Segundo levantamento da Prefeitura, até o momento foram emitidos mais de 60 autos de embargo na área onde aconteceram as ocupações irregular

Segundo levantamento da Prefeitura, até o momento foram emitidos mais de 60 autos de embargo na área onde aconteceram as ocupações irregular

– Poder Público acata decisão do Ministério Público e começa a agir na comunidade

Depois da reunião entre Ministério Público, concessionárias e gestores realizada há exatos 30 dias, onde foi debatida a situação dos moradores da localidade conhecida como Álvaro Pana, na região da Quinta Lebrão, o Poder Público começou a arregaçar as mangas. Regularmente fiscais da Prefeitura estão atuando o bairro e notificando toda e qualquer construção realizada pelos moradores. Muros, lajes, telhados e até embolsos foram embarcados pela ação.

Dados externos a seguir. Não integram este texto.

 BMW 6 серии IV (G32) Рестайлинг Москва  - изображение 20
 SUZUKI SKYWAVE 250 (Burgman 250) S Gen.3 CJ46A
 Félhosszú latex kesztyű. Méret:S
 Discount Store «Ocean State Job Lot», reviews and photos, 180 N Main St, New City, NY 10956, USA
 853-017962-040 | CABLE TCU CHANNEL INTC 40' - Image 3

Se por um lado a mão pesada da fiscalização não poupa a comunidade, por outro, o levantamento também determinado pelo MP não saiu do papel. De acordo com moradores, nenhuma assistente social ou agente da Prefeitura visitou as casas ou famílias para a coleta de dados da comunidade.

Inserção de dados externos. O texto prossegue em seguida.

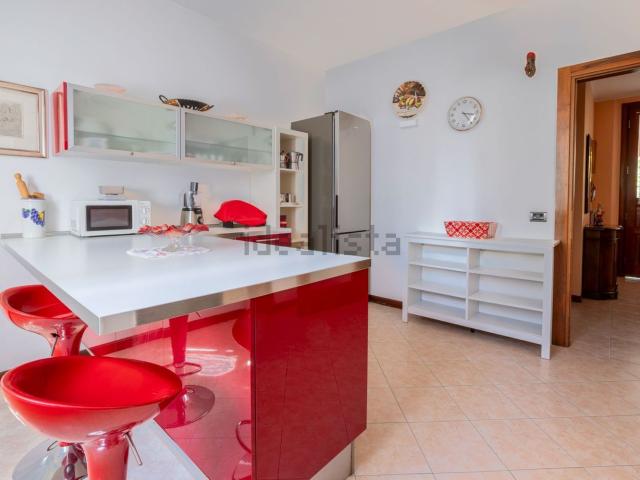 Appartamento in vendita di 110 m² in Via Matteotti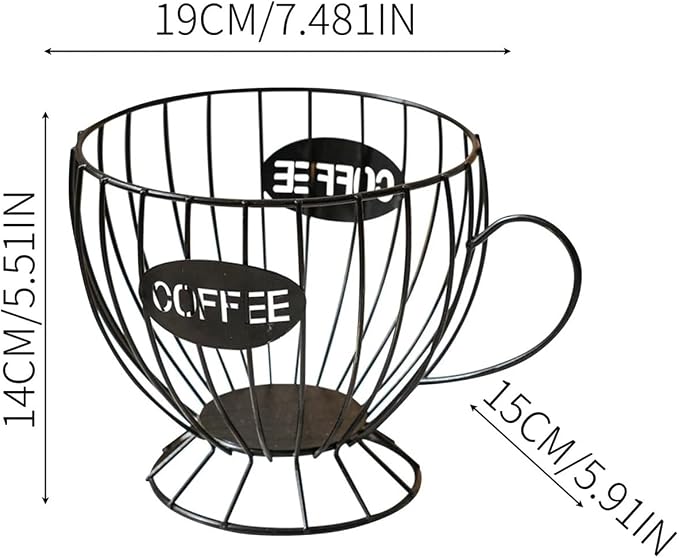 It Is Suitable For Coffee Capsules, Snacks And Candies, And Is Perfect For - Image 4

Dona Beth cobra respostas das autoridades e pede solução para o problema das ocupações na região da Pana, Castelinho, Quinta Lebrão e Fonte Santa

Dona Beth cobra respostas das autoridades e pede solução para o problema das ocupações na região da Pana, Castelinho, Quinta Lebrão e Fonte Santa

A omissão histórica das autoridades municipais não impediram que famílias ocupassem por décadas as terras de propriedade do Instituto Nacional de Seguridade Social – INSS. Há cerca de 30 anos há uma discussão pela retomada desse espaço, cada vez mais ocupado pela população, que conta com serviços fornecidos por concessionárias, como água e energia elétrica, além de pavimentação nas ruas da localidade. Na ânsia pela solução do impasse, que também atenta para construções em áreas de risco, o MP realizou audiência pública nos últimos dias de junho no auditório da Aciat para ouvir os envolvidos. Participaram representados do próprio INSS, Prefeitura, Ampla, Cedae, CRT, Inea e representantes do Deputado Federal Hugo Leal, que estaria trabalhando em Brasília para regularização das famílias. Ficou decidido no encontro que o município de Teresópolis deverá fazer um levantamento sobre todas as famílias que vivem na comunidade e aumentar as ações de fiscalização para impedir novas construções. Não estão descartadas demolições de novas invasões na comunidade.

 

Dona de um pequeno comércio na Pana, Sandra foi impedida de concluir uma obra para poder acolher os pais idosos em sua casas

Dona de um pequeno comércio na Pana, Sandra foi impedida de concluir uma obra para poder acolher os pais idosos em sua casas

Moradores reclamam

A ação já chama atenção dos moradores, que reclamam do fato de não poder fazer melhorias em suas casas. Um deles é o aposentado Derly José da Silva, de 67 anos. Ele tentou construir uma garagem ao lado de sua casa e foi surpreendido pelo embargo dos fiscais. “Eu tava começando a construir aqui, o fiscal veio e interditou. Disse que eu não poderia terminar minha garagem e nem embolsar minha cada. Tá tudo interditado. Ele falou que se eu assentar um tijolo pago uma multa de R$ 13 mil. Eles voltam sempre aqui pra conferir e notificam todo mundo que está fazendo obras”, relata. O aposentado conta que comprou a casa por R$ 140 mil num contrato ‘de boca’ com o antigo proprietário e que agora não sabe o que fazer. “Comprei e na época não tinha nem telhado. Eu morava na roça e estava doente, com feridas na perna. Precisei vir para cá e agora não tenho pra onde voltar”, garante.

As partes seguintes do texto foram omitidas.